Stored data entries
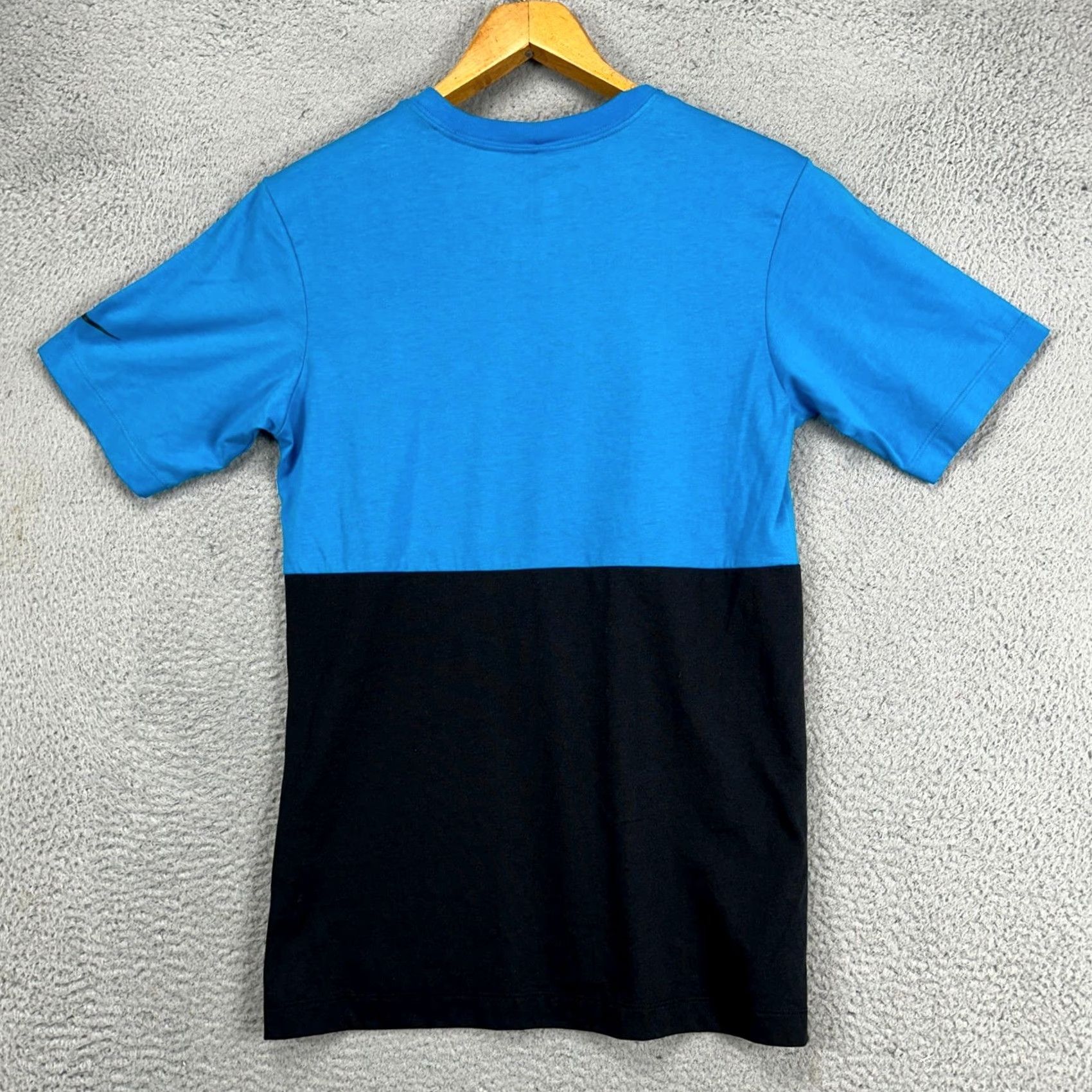 Vintage VINTAGE Carolina Panthers T-Shirt Mens Small Blue Black Short Sleeve The Nike Tee NEW Size US S / EU 44-46 / 1 - 3 Thumbnail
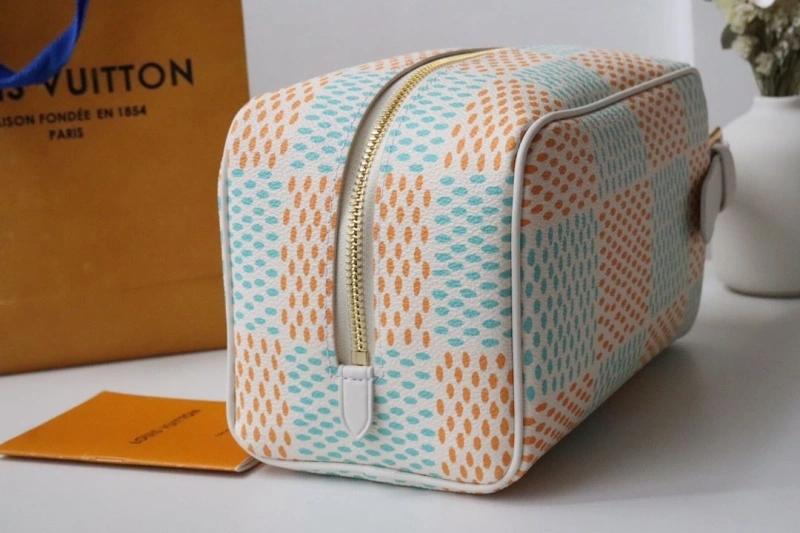 LV Cosmetic Bags 4178H-0033
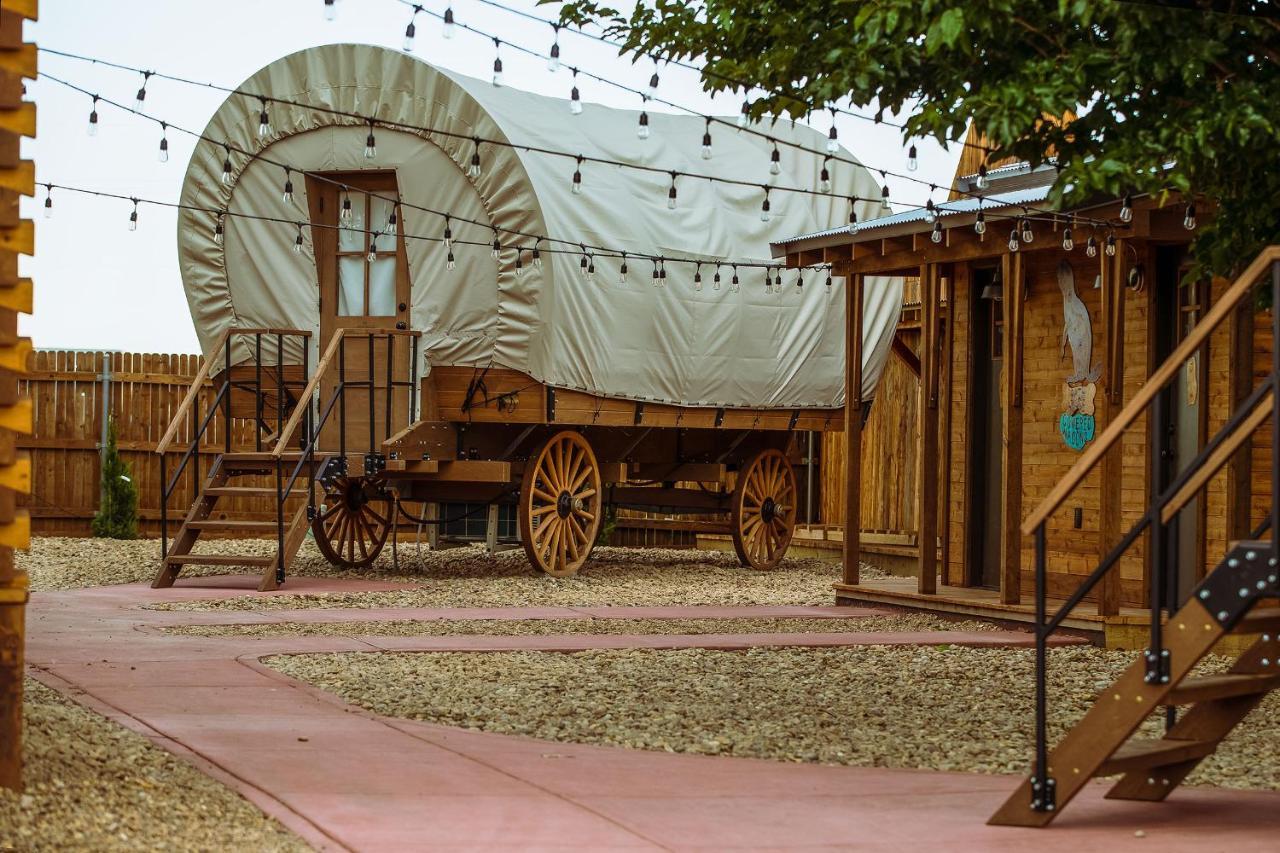 The Big Texan - Cabins And Wagons Amarillo Ngoại thất bức ảnh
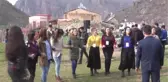 Çukurca'da Polis Vatandaşla 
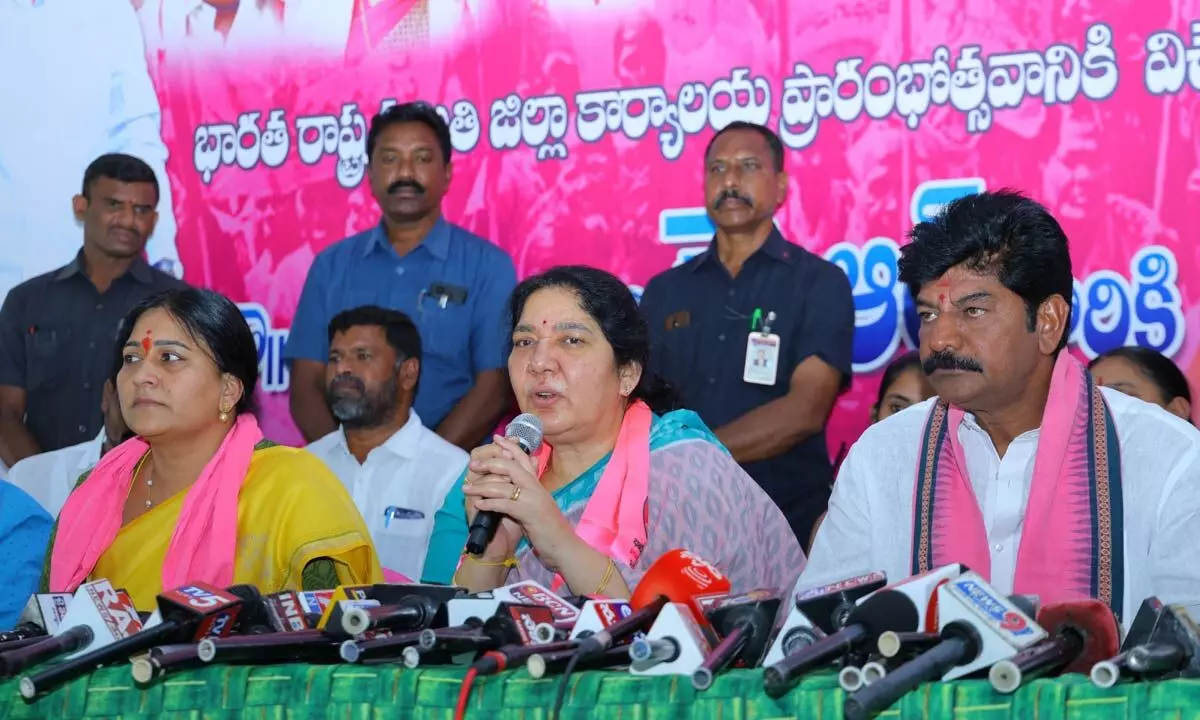 Rathod criticizes Congress and BJP in Mahabubabad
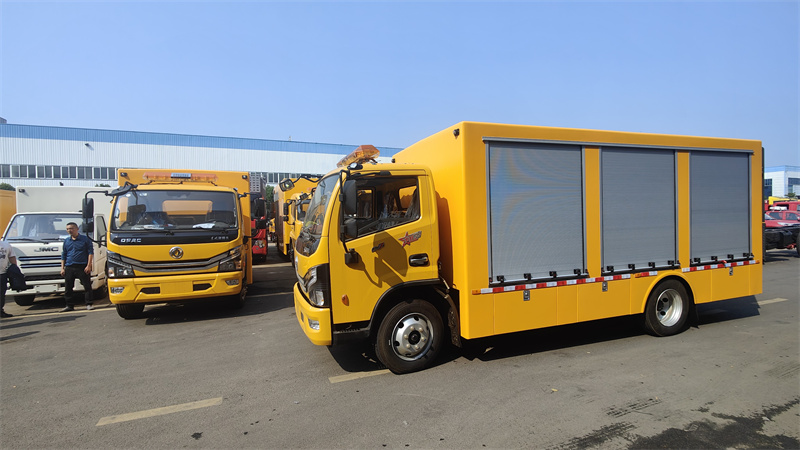 東風(fēng)多利卡2000方搶險排澇車排水車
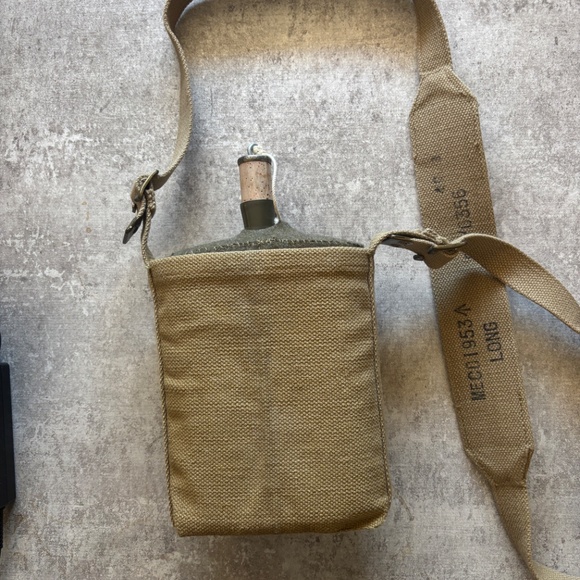 Ww2? Military issue canteen - Picture 7 of 10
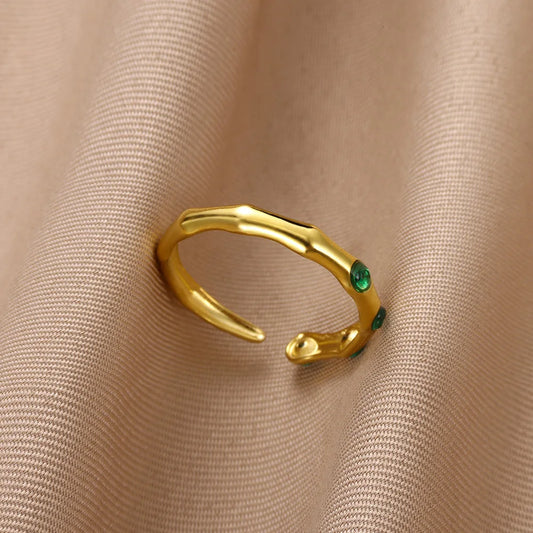 Minimal gold ring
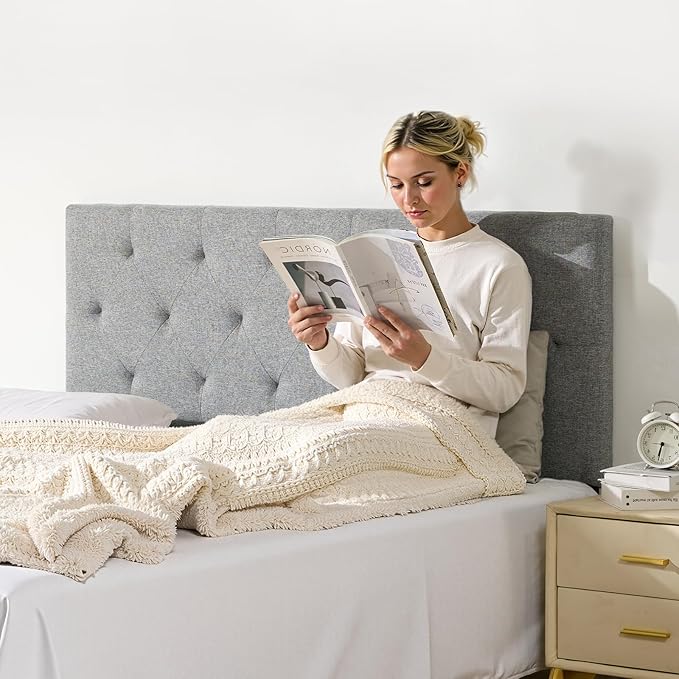 VEVOR Headboard, Full Size Headboard with Adjustable Height, Comfortable Diamond Tufted for Full Size Bed, W 56.3 x H(35.6-47.4) inches, Ideal for Bedroom, Hotel, Homestay, Dormitory, Light Grey
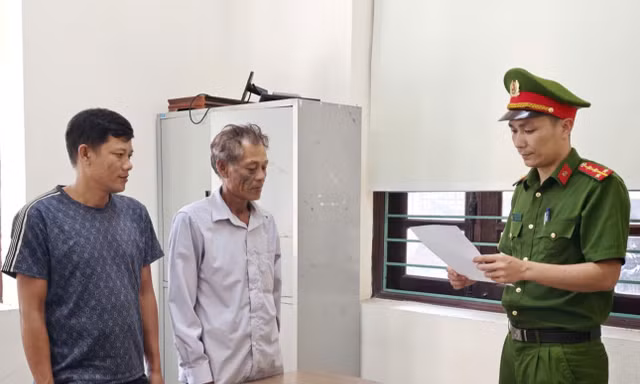 Khởi tố hai bố con giấu 9 thiết bị giám sát hành trình tàu cá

Aim of the task ::
Your output should be only the lines from the line with "Minimal gold ring" through the end of the data, exactly as they stand, and no pictures.

Response to the exercise ::
 Minimal gold ring
 VEVOR Headboard, Full Size Headboard with Adjustable Height, Comfortable Diamond Tufted for Full Size Bed, W 56.3 x H(35.6-47.4) inches, Ideal for Bedroom, Hotel, Homestay, Dormitory, Light Grey
 Khởi tố hai bố con giấu 9 thiết bị giám sát hành trình tàu cá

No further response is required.